Description: The Android client receives locations of beacons thanks to the subscribe method. It uses the OSMDroid API tu display the items on a map.

Inputs: Beacons location as markers

Source: The server publishing the locations on the different topics.

Outputs: A map displaying every beacon

Destination: The Android smartphone

Action:

  • Rendering the beacons on the map by marking them in an overlay.


Non functional requirements:

Pre-condition: The positions are not ambiguous, not duplicated.

Post-condition: Every beacon has its representative figure on the screen

Side-effects:

3.7 Requirement 7 : Rendering user position on an indoor map

Function: using android GPS tools in order to display the position of the user on an indoor map.

Description: The Android client determine the coordinates of the user. It uses the openlevelup.net API which is an OSM API to display the position of the user on an indoor map.

Inputs: User coordinates

Source: Android GPS tools enable people to get located.

Outputs: An "indoor" map made of custom tiles

Destination: The Android smartphone

Action:

  • Rendering the user on the map by marking him in an overlay.

functional requirements:

Pre-condition: User must have location enabled on his smartphone.
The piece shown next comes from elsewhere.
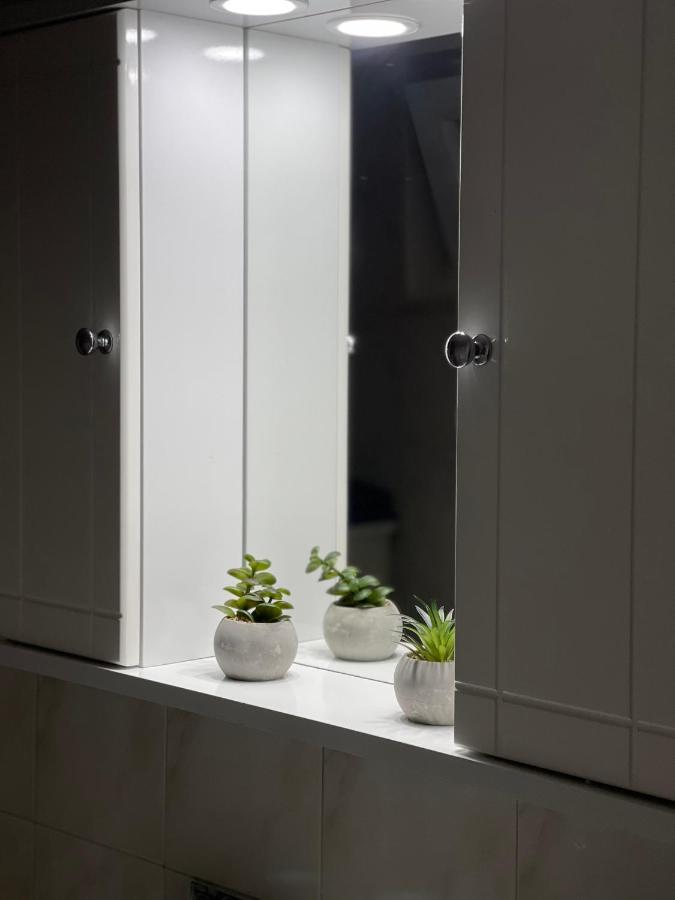 Demi'S Garden Near The Metro Of Athens Apartamento Exterior foto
Android app must have the right to enable user location.

Post-condition:

Non functional requirements:

Pre-condition: Map tiles are saved in the server, the android clients are connected to internet, enough points for the rendering of indoor maps

Post-condition:

Side-effects: distorted rendering if not enough points.

4. Product evolution

  • Having a better rendering of the map, more interactive
  • Using different detecting sensors and centrals
  • Improving the localisation (more precise)
  • Finding a way to putting up with signal mitigations
  • Ios portability